Ma non possiamo evitare qualche riflessione. Innanzitutto misurare il successo di un’educazione alla vita, come quella che noi intendiamo offrire, col solo metro dei risultati scolastici sarebbe sbagliato. Ci sono tanti ragazzi che sono passati dalle nostre case e che non hanno avuto grandi successi accademici o che, a causa della loro storia e dei loro limiti personali, hanno smesso di studiare alla fine della scuola dell’obbligo. Ora sono meccanici, sarte, segretarie, falegnami, camerieri e cuochi che si guadagnano la vita onestamente e dignitosamente.
Non ci piace la mentalità prevalente in Kenya, dove i giornali pubblicano con grande risalto i risultati scolastici della classe ottava e della dodicesima (rispettivamente ultima classe della scuola primaria e ultima classe della secondaria). Per diversi giorni in prima pagina ci sono le foto dei ragazzi più bravi e la classifica delle scuole che hanno avuto gli studenti migliori. Per le scuole è motivo di vanto – e soprattutto di guadagno, visto che quasi sempre si tratta di istituti privati – essere nei primi posti in questa clsassica. Nei giorni successivi non mancano mai, sempre riportati con evidenza, i casi di studenti che si suicidano perché non sono passati o non hanno avuto i risultati che si aspettavano. È un’educazione pensata e vissuta come strettamente funzionale a un tipo di società che esalta la competizione e il successo. Gli esami sono test scritti, uguali per tutti a livello nazionale, col risultato di confondere spesso educazione con memorizzazione. Se agli insegnanti, alle scuole e ai genitori interessa solo che gli studenti passino gli esami con voti alti, non c’è una vera educazione alla vita, destinata all’intera persona umana.

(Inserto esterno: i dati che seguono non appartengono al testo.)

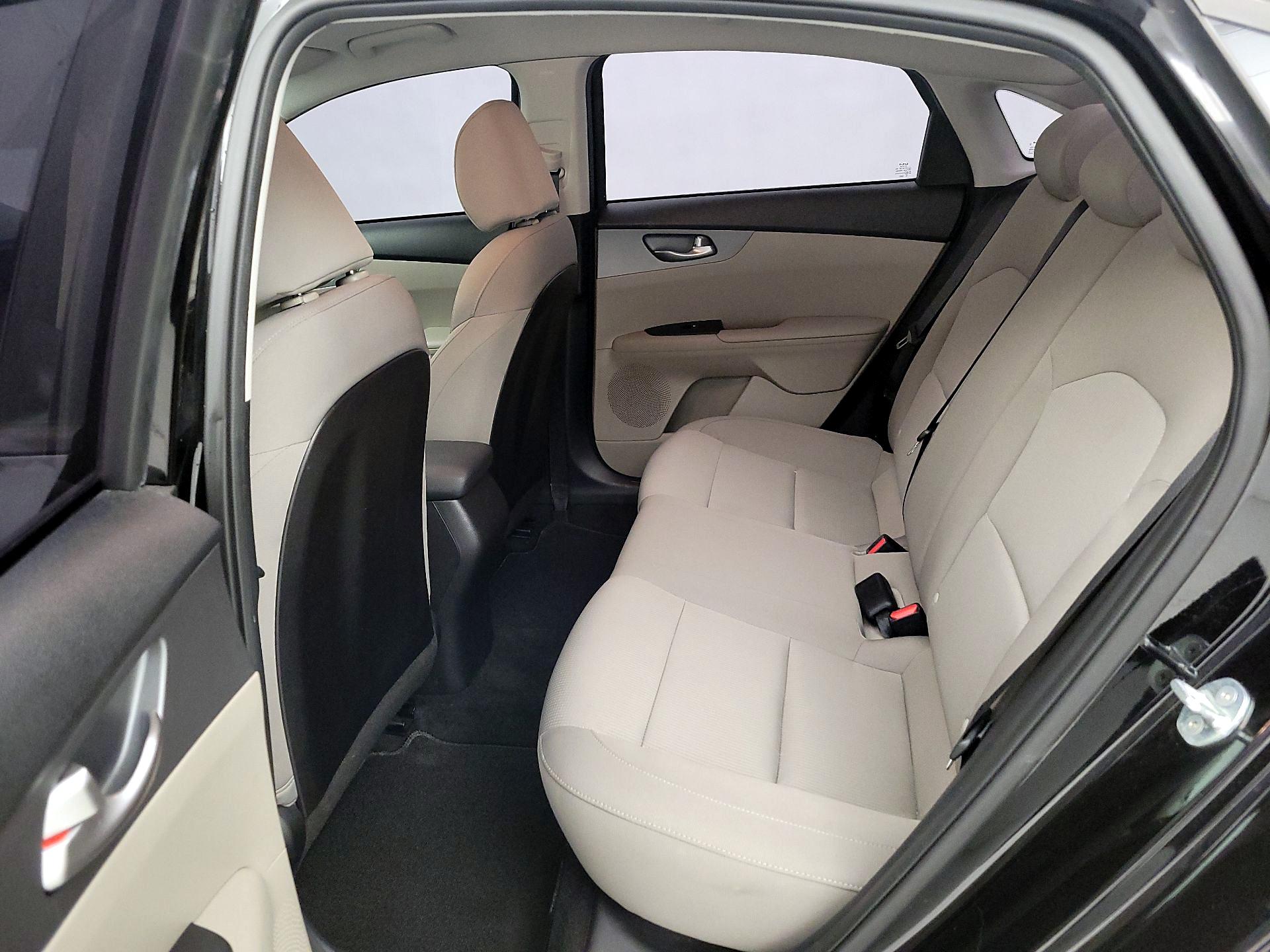 Thumbnail: 2021 Kia Forte - 19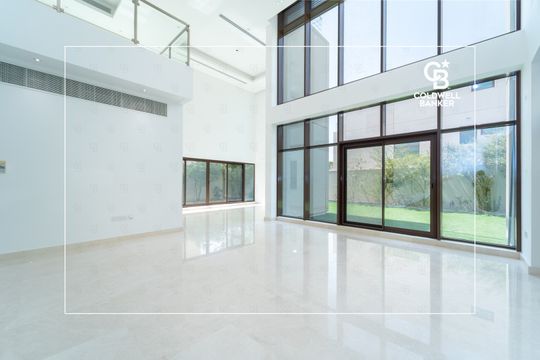 BRAND NEW POOL | BEST LOCATION | READY TO MOVE IN - Dubai property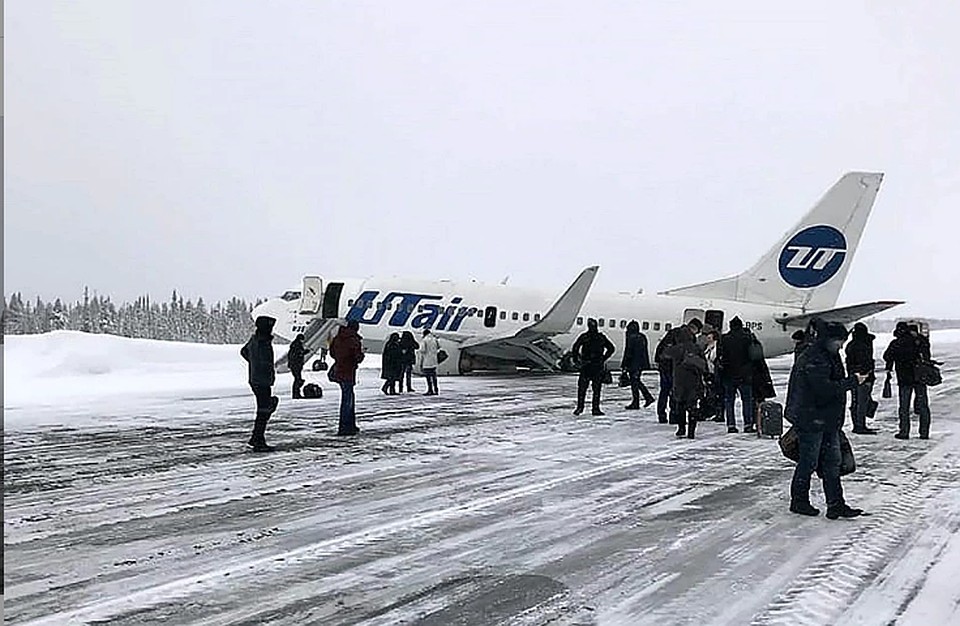 СК возбудил уголовное дело по факту жёсткой посадки самолета в Усинске. Фото: "Усинск Онлайн"/ТАСС
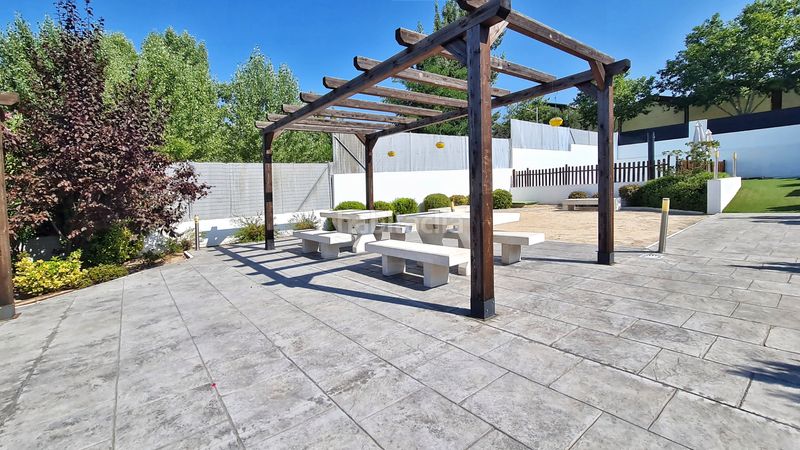 Foto be592e33-44b9-4a4a-b6da-661abaa03523. Lloguer casa adossada amb xemeneia calefacció aparcament piscina a Torrelodones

La Carta Africana sui Diritti e il Benessere dei Bambini (1999) è una lunga lista di speranze disattese. Ma è un buon punto di partenza per vedere quali dovrebbero essere gli obiettivi di un sistema educativo statale. Le prime righe dell’articolo 11 affermano che “ogni bambino ha diritto all’istruzione. L’educazione del fanciullo deve avere come finalità: la promozione e lo sviluppo della personalità del minore, dei suoi talenti e capacità fisiche e mentali, in tutto il loro potenziale; promuovere il rispetto dei diritti umani e delle libertà fondamentali”.

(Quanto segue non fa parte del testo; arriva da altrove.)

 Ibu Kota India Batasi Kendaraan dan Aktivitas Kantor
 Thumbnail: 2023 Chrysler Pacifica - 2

Troppo facile constatare che invece in Kenya, in Zambia, in Sudan, là dove siamo presenti, il sistema educativo è ben lontano dal raggiungere tutti i bambini, e che quando li raggiunge non li educa, non li abitua a ragionare con la propria testa e a sviluppare uno spirito critico, a scegliere i valori che daranno forma alla loro vita: semplicemente li indottrina, o li ammaestra.
Gli esclusi, i marginalizzati, non hanno bisogno di un sistema educativo che li confermi nella certezza del loro senso di inferiorità e li convinca delle loro inadeguatezze. Hanno bisogno di una mano amica che offra loro la possibilità di educarsi, di e-ducere da se stessi le potenzialità della loro persona. Non scopriremo mai abbastanza quanto bene possa fare e quanto Vangelo possa annunciare una mano tesa a un bambino in difficoltà.